Paolo Villaggio
Paolo Villaggio
Il pizzicotto

Ciao Paolo

Dopo Villaggio resta solo Zalone all'Italia che ha smesso di prendersi in giro

Ho sempre provato una sorta di tristezza esistenziale nel guardare i film di Paolo Villaggio.
Era un rito, farlo con seduta accanto a mio padre e di fronte alla tv: lui che fumava con la pipa grande, io con una piccola pipa da posa, tabacco spento e tutto il desiderio di assomigliargli dentro.
Sapeva scrivere di satira, mio padre, e se per lui Fantozzi era un mito inossidabile, avrei dovuto capire il motivo.
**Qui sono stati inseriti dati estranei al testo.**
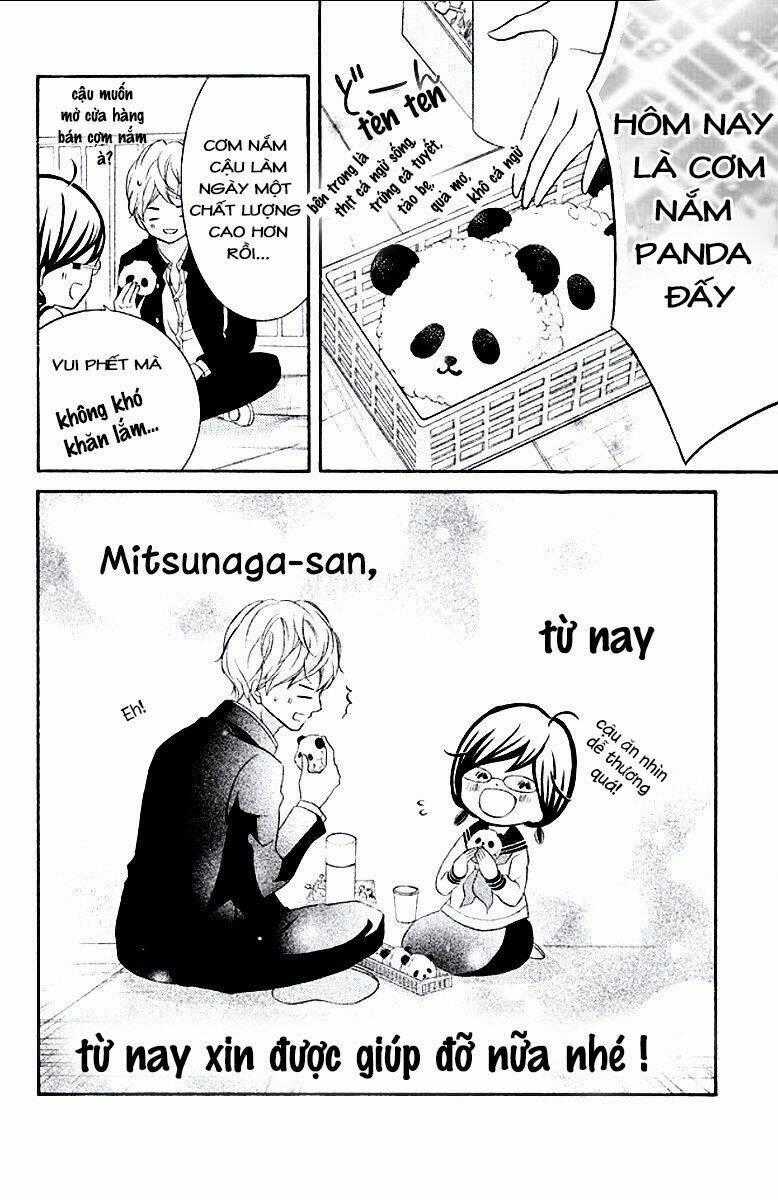 Kageno Datte Seishun Shitai Chapter 9 trang 44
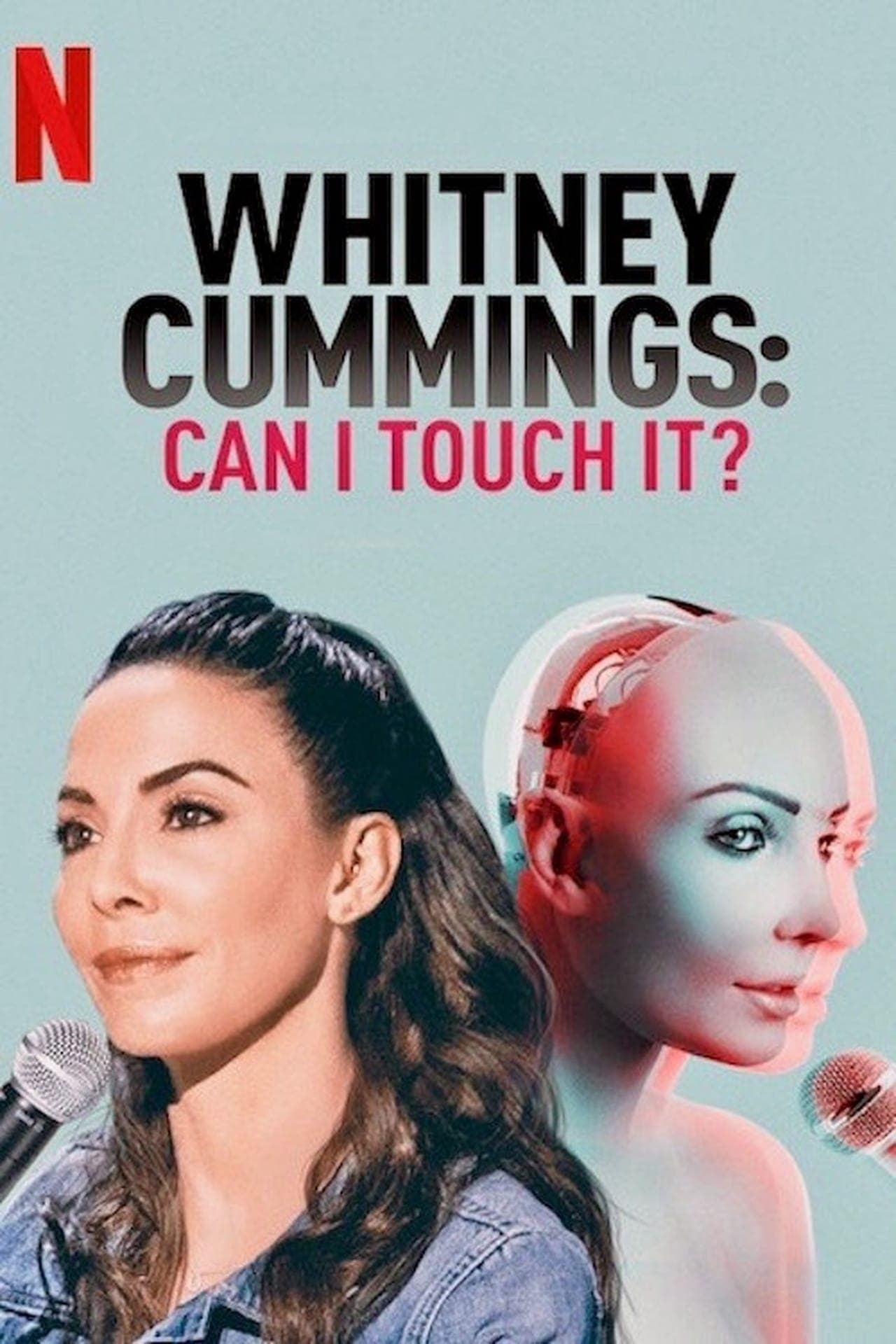 Movie Whitney Cummings: Can I Touch It?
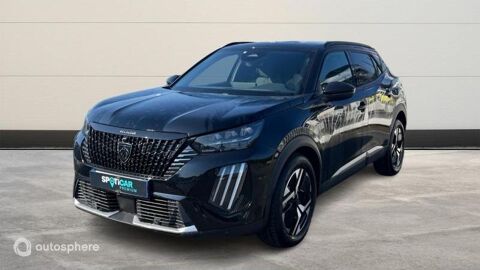 Peugeot 2008 1.2 Hybrid 145ch GT e-DCS6 2025 occasion Serres-Castet 64121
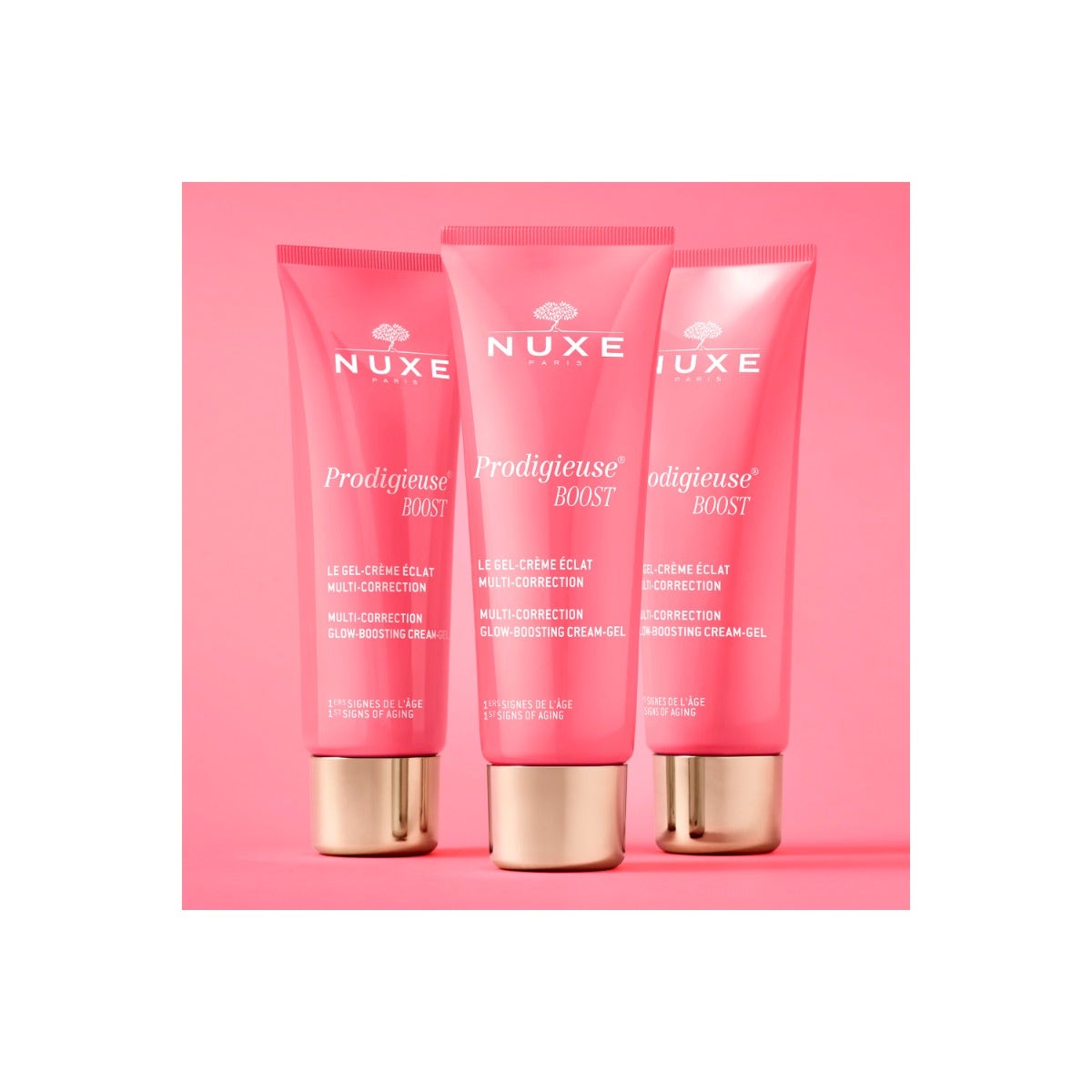 Nuxe Creme Prodigieuse Boost Multi Gel Crema Corrector 40ml-8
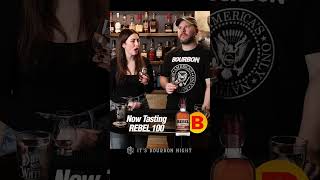 Evan Williams BiB vs Rebel 100 proof. 64 Bourbons Under $100 - Under $25 Bracket: Ep. 1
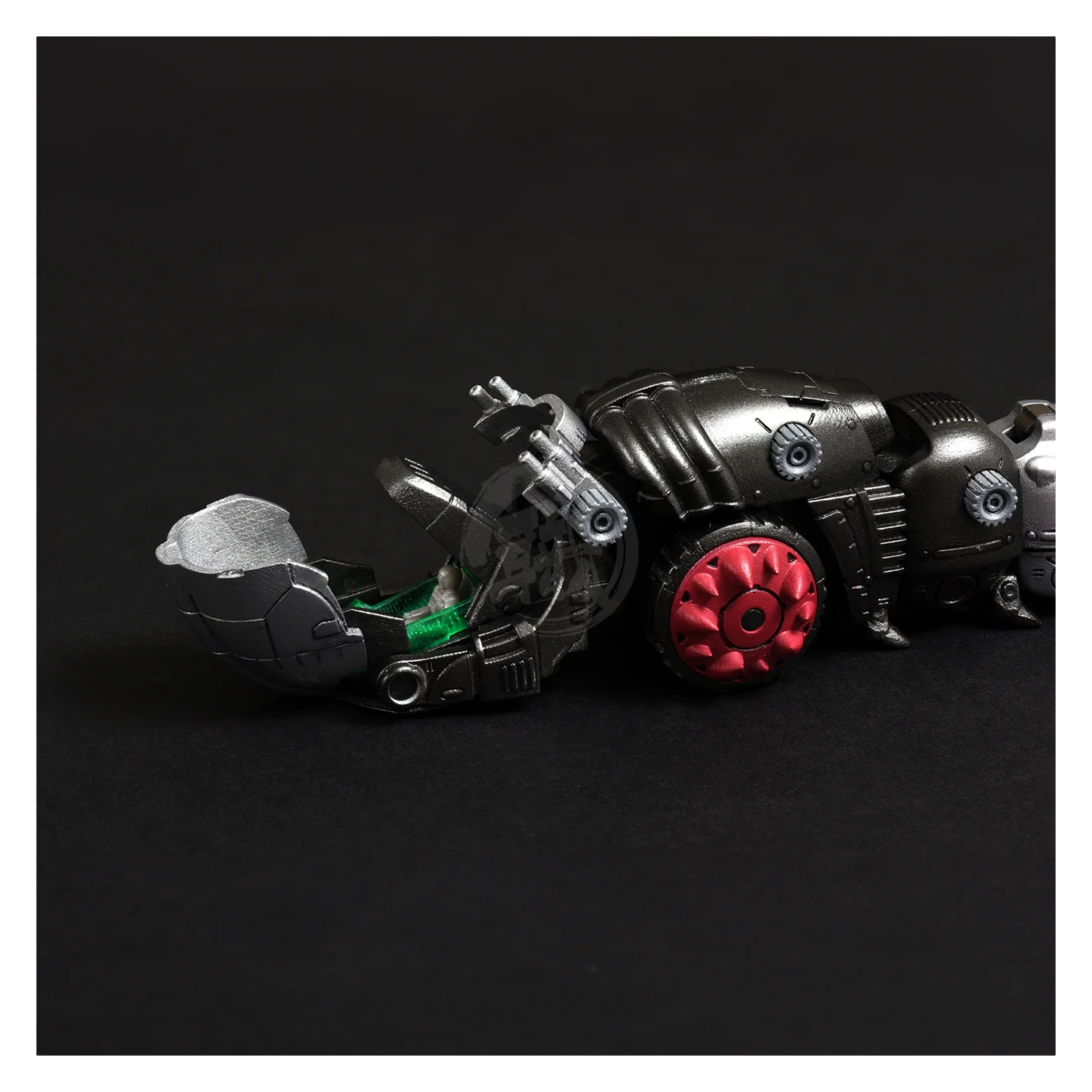 RMZ-005 Molga [Guylos Color] - ShokuninGunpla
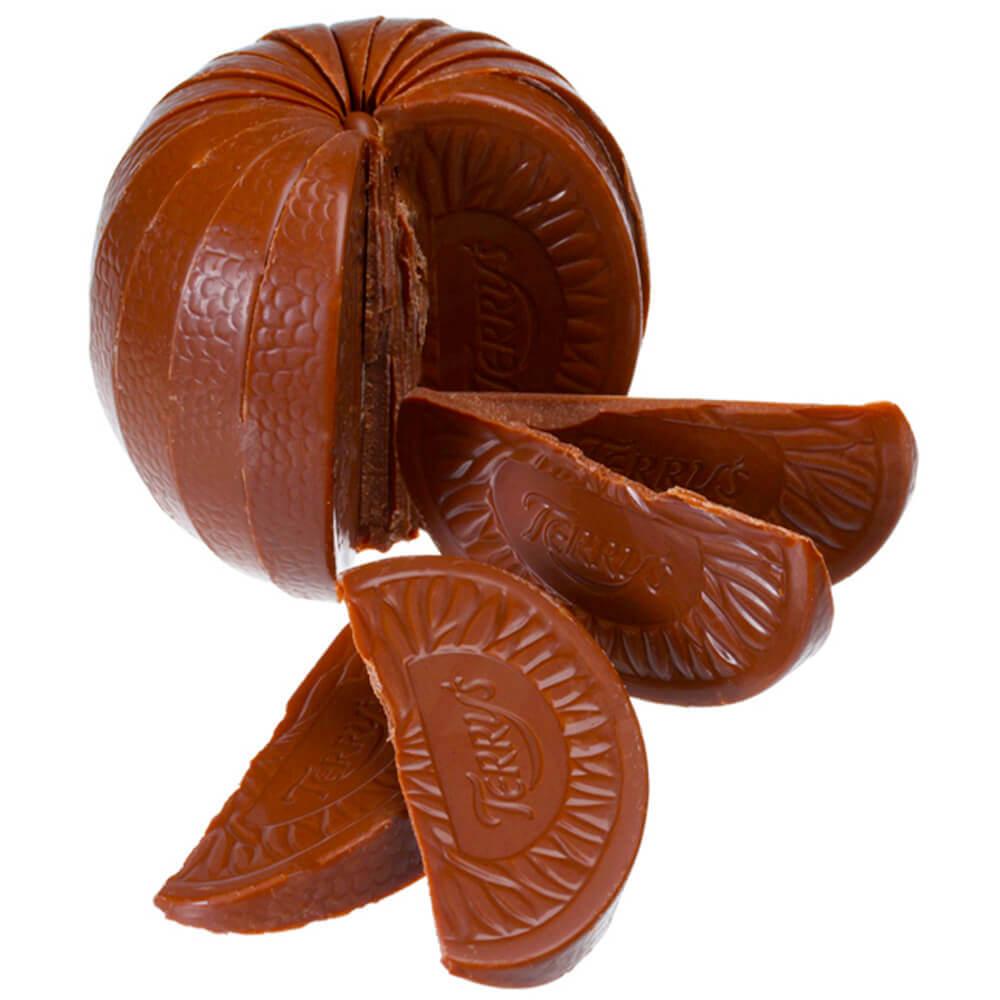 Terry's Milk Chocolate Orange – Pearls Candy & Nuts
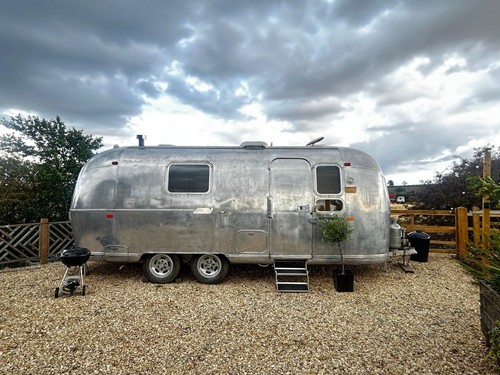Airstream safari 1972 - safari,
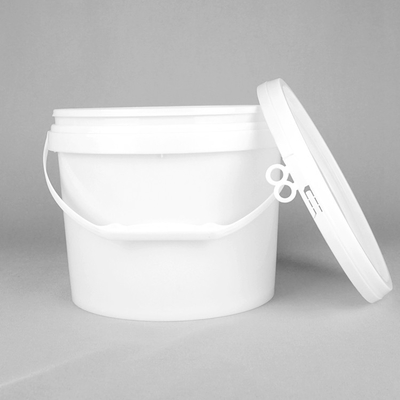 Bottile di plastica trasparente per imballaggi alimentari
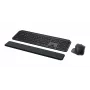 LOGITECH MX Keys S Combo - Graphite - Qwertz Deu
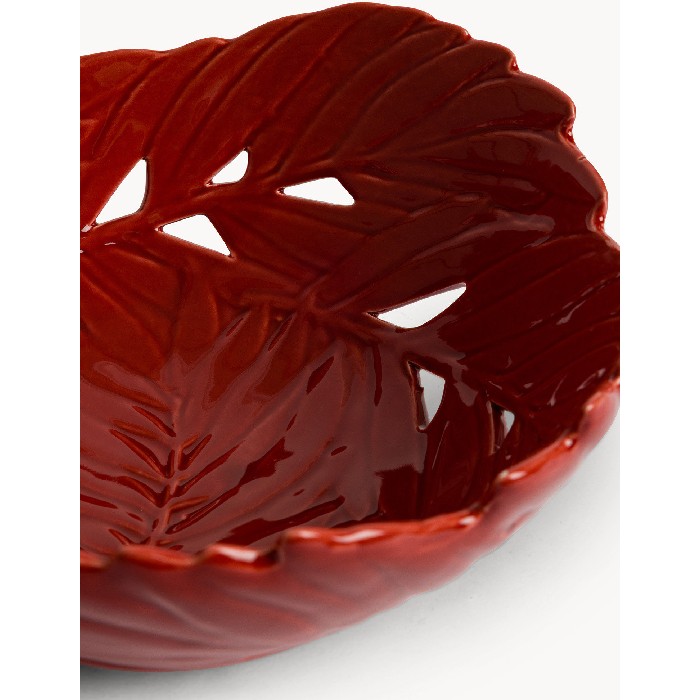 tableware/serveware/coincasa-embossed-leaf-shaped-stoneware-cup-–-7499994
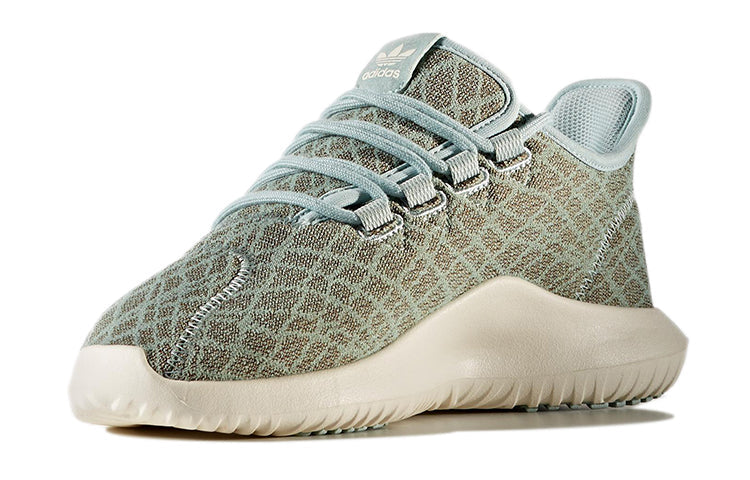 (WMNS) adidas Tubular Shadow 'Green White' BY9737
Certamente travalicava le doti attoriali, l'espressività di quella figura imbarazzante che mi creava disagio, la continuità della sua presenza televisiva. C'era una grandezza letteraria e antropologica che non riuscivo ad afferrare. Ai miei compagni delle scuole elementari piaceva, al punto che tutti ne imitavano le gesta. Non ridevo.
Non ridevo delle disavventure dello sfortunato ragioniere, perché non conoscevo la vita. Quella che ti mette gli abiti di Ugo tutti i giorni e ti costringe a diventare "cattivo e intelligente" come Villaggio a costumi smessi, nella vita reale.
Sebbene non abbia mai imparato a ridere delle disavventure dell'impiegato – capro espiatorio, oggi sono certa sia scomparso, dopo una vecchiaia triste, uno degli interpreti di punta della comicità italiana.
Quella che l'Italia non ci regala più. La dipartita di Villaggio, ci consegna un Paese che non sa più scherzare seriamente: sa fare propaganda.
L'Italia di Beppe Grillo e dei grillini, ci lascia orfani. L'ultimo mito è Checco Zalone, che ci restituisce la grettezza media dell'italiano a tutto tondo. Degno erede del ragioniere, Checco ha ancora strada da fare. Quando si libererà dai lieti fini e dai gioghi dell'industria cinematografica, sarà una maschera "per sempre". Senza quelle indulgenze di cui il pubblico finge di avere bisogno ma in fondo non vuole.